(Entries taken from a collection)
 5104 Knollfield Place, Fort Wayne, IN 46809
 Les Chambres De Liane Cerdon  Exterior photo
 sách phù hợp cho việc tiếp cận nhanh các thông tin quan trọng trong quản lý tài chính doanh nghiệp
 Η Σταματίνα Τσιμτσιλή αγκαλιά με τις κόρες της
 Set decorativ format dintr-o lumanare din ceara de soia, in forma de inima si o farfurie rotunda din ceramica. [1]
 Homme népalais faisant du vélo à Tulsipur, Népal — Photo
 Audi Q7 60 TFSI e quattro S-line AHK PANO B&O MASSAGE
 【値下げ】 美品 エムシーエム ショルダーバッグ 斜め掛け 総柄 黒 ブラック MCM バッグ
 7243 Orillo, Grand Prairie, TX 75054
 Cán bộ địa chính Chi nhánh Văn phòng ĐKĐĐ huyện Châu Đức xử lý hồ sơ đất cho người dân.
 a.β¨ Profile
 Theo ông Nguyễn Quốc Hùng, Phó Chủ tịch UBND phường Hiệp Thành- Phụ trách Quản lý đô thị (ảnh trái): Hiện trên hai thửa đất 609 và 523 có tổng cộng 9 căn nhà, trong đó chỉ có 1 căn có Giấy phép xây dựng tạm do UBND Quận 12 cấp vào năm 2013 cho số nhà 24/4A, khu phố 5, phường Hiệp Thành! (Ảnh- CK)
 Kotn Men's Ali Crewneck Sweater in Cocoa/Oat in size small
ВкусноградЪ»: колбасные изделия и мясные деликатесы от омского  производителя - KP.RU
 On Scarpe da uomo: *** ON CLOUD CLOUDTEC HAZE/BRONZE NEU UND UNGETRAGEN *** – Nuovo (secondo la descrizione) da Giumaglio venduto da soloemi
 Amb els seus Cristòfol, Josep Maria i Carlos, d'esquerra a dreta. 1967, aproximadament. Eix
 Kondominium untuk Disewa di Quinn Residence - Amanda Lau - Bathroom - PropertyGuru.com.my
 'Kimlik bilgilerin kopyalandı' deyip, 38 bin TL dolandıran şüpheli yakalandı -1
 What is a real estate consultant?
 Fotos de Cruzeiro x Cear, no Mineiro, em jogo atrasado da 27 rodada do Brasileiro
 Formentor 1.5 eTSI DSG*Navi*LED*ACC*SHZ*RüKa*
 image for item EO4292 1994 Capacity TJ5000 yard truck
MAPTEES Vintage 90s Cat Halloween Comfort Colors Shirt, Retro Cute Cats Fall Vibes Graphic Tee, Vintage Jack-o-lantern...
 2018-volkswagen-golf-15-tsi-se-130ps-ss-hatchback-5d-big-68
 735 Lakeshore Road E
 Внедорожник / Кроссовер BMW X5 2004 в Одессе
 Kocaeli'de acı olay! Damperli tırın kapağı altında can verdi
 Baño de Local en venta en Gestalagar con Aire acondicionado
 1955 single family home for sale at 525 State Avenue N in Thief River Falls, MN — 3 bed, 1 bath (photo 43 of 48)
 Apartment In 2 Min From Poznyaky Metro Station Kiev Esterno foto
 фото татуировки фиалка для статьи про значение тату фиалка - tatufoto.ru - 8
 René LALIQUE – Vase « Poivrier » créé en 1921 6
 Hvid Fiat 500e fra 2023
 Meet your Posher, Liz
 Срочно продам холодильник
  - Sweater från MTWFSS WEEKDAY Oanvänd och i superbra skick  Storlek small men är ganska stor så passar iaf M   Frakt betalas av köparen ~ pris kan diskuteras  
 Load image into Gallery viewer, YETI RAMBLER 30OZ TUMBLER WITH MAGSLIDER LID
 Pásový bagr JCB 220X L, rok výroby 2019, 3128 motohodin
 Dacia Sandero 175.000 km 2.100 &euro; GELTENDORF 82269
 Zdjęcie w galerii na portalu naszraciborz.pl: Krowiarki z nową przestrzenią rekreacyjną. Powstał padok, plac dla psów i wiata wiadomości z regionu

Work to complete => Every entry shown above should be transcribed without alteration.

Written solution =>
 5104 Knollfield Place, Fort Wayne, IN 46809
 Les Chambres De Liane Cerdon  Exterior photo
 sách phù hợp cho việc tiếp cận nhanh các thông tin quan trọng trong quản lý tài chính doanh nghiệp
 Η Σταματίνα Τσιμτσιλή αγκαλιά με τις κόρες της
 Set decorativ format dintr-o lumanare din ceara de soia, in forma de inima si o farfurie rotunda din ceramica. [1]
 Homme népalais faisant du vélo à Tulsipur, Népal — Photo
 Audi Q7 60 TFSI e quattro S-line AHK PANO B&O MASSAGE
 【値下げ】 美品 エムシーエム ショルダーバッグ 斜め掛け 総柄 黒 ブラック MCM バッグ
 7243 Orillo, Grand Prairie, TX 75054
 Cán bộ địa chính Chi nhánh Văn phòng ĐKĐĐ huyện Châu Đức xử lý hồ sơ đất cho người dân.
 a.β¨ Profile
 Theo ông Nguyễn Quốc Hùng, Phó Chủ tịch UBND phường Hiệp Thành- Phụ trách Quản lý đô thị (ảnh trái): Hiện trên hai thửa đất 609 và 523 có tổng cộng 9 căn nhà, trong đó chỉ có 1 căn có Giấy phép xây dựng tạm do UBND Quận 12 cấp vào năm 2013 cho số nhà 24/4A, khu phố 5, phường Hiệp Thành! (Ảnh- CK)
 Kotn Men's Ali Crewneck Sweater in Cocoa/Oat in size small
ВкусноградЪ»: колбасные изделия и мясные деликатесы от омского  производителя - KP.RU
 On Scarpe da uomo: *** ON CLOUD CLOUDTEC HAZE/BRONZE NEU UND UNGETRAGEN *** – Nuovo (secondo la descrizione) da Giumaglio venduto da soloemi
 Amb els seus Cristòfol, Josep Maria i Carlos, d'esquerra a dreta. 1967, aproximadament. Eix
 Kondominium untuk Disewa di Quinn Residence - Amanda Lau - Bathroom - PropertyGuru.com.my
 'Kimlik bilgilerin kopyalandı' deyip, 38 bin TL dolandıran şüpheli yakalandı -1
 What is a real estate consultant?
 Fotos de Cruzeiro x Cear, no Mineiro, em jogo atrasado da 27 rodada do Brasileiro
 Formentor 1.5 eTSI DSG*Navi*LED*ACC*SHZ*RüKa*
 image for item EO4292 1994 Capacity TJ5000 yard truck
MAPTEES Vintage 90s Cat Halloween Comfort Colors Shirt, Retro Cute Cats Fall Vibes Graphic Tee, Vintage Jack-o-lantern...
 2018-volkswagen-golf-15-tsi-se-130ps-ss-hatchback-5d-big-68
 735 Lakeshore Road E
 Внедорожник / Кроссовер BMW X5 2004 в Одессе
 Kocaeli'de acı olay! Damperli tırın kapağı altında can verdi
 Baño de Local en venta en Gestalagar con Aire acondicionado
 1955 single family home for sale at 525 State Avenue N in Thief River Falls, MN — 3 bed, 1 bath (photo 43 of 48)
 Apartment In 2 Min From Poznyaky Metro Station Kiev Esterno foto
 фото татуировки фиалка для статьи про значение тату фиалка - tatufoto.ru - 8
 René LALIQUE – Vase « Poivrier » créé en 1921 6
 Hvid Fiat 500e fra 2023
 Meet your Posher, Liz
 Срочно продам холодильник
  - Sweater från MTWFSS WEEKDAY Oanvänd och i superbra skick  Storlek small men är ganska stor så passar iaf M   Frakt betalas av köparen ~ pris kan diskuteras  
 Load image into Gallery viewer, YETI RAMBLER 30OZ TUMBLER WITH MAGSLIDER LID
 Pásový bagr JCB 220X L, rok výroby 2019, 3128 motohodin
 Dacia Sandero 175.000 km 2.100 &euro; GELTENDORF 82269
 Zdjęcie w galerii na portalu naszraciborz.pl: Krowiarki z nową przestrzenią rekreacyjną. Powstał padok, plac dla psów i wiata wiadomości z regionu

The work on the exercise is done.